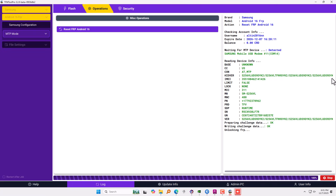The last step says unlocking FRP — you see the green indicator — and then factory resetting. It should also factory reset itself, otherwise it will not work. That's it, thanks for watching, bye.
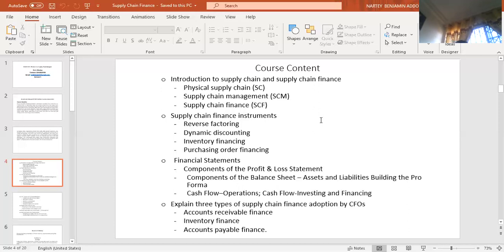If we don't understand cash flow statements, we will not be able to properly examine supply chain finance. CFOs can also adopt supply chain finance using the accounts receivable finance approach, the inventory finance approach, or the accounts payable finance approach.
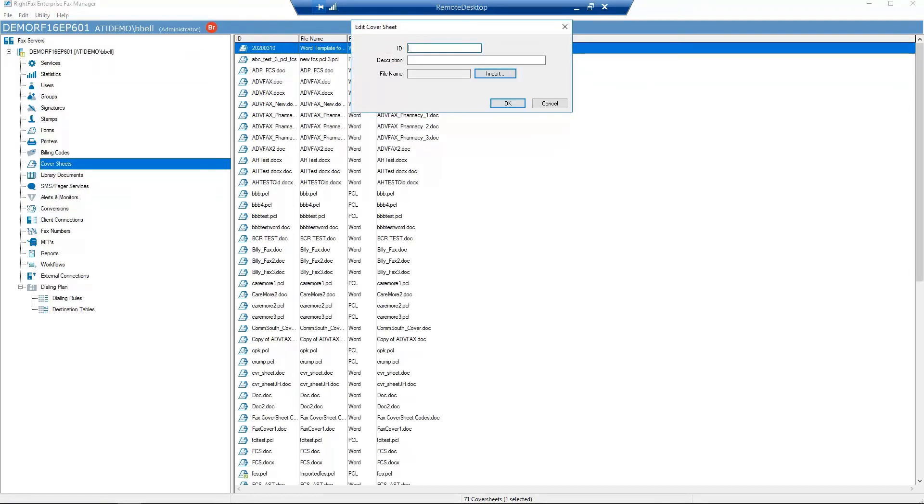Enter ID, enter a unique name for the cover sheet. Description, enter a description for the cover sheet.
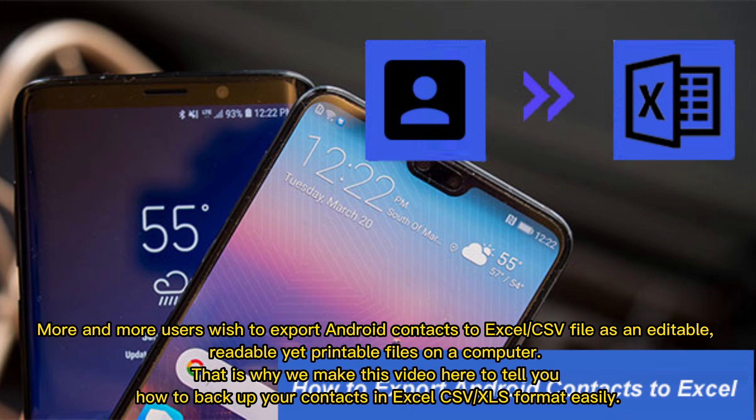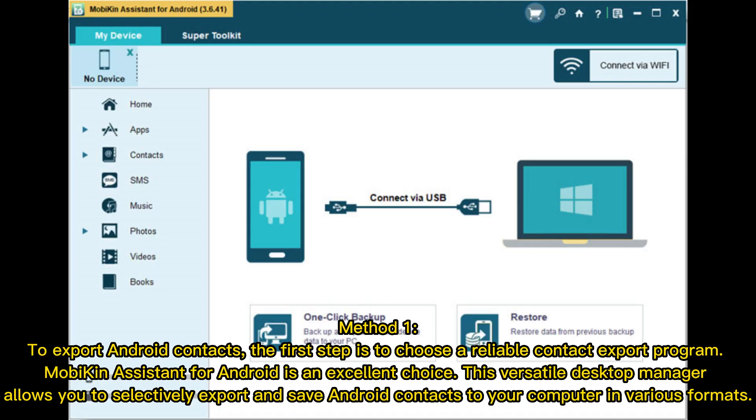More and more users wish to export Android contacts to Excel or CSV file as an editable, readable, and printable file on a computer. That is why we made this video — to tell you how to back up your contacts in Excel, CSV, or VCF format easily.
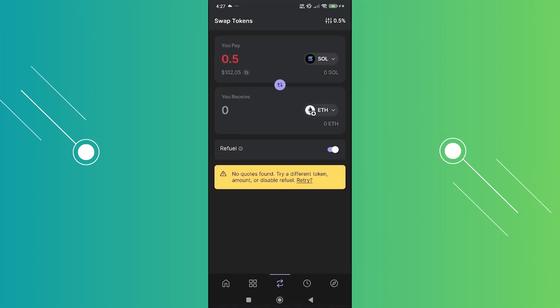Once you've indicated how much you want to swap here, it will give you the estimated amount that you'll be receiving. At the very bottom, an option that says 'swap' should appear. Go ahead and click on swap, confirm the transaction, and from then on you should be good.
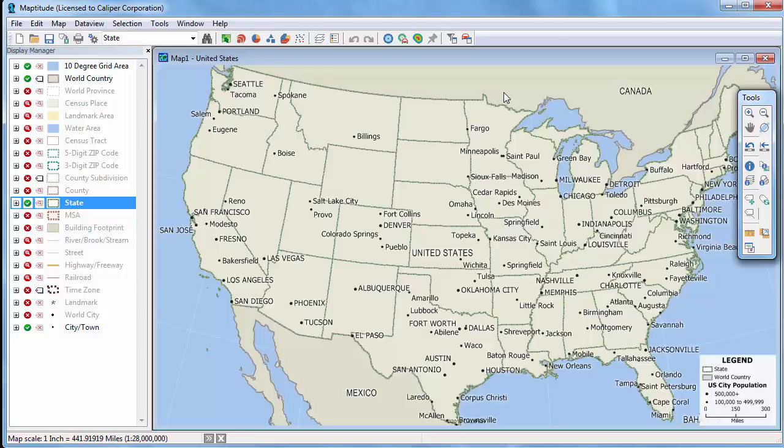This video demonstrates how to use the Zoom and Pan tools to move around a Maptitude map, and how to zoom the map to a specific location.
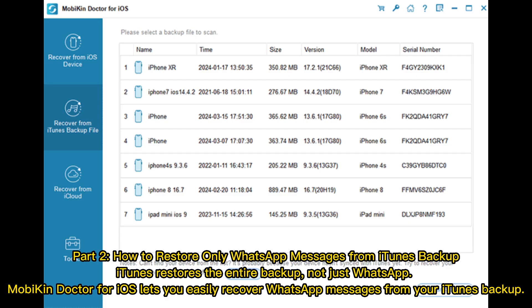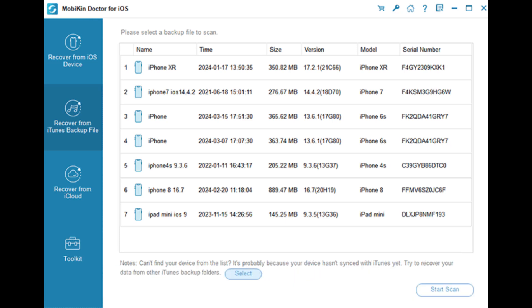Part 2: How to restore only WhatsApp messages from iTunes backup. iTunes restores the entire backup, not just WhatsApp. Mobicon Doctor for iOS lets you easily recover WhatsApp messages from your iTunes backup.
····················
Reproduce the records above exactly, but only from the line with "If we don't" up to and including the line with "More and more". Leave the pictures out.

> _ANSWER FOR THE TASK_
If we don't understand cash flow statements, we will not be able to properly examine supply chain finance. CFOs can also adopt supply chain finance using the accounts receivable finance approach, the inventory finance approach, or the accounts payable finance approach.
Enter ID, enter a unique name for the cover sheet. Description, enter a description for the cover sheet.
More and more users wish to export Android contacts to Excel or CSV file as an editable, readable, and printable file on a computer. That is why we made this video — to tell you how to back up your contacts in Excel, CSV, or VCF format easily.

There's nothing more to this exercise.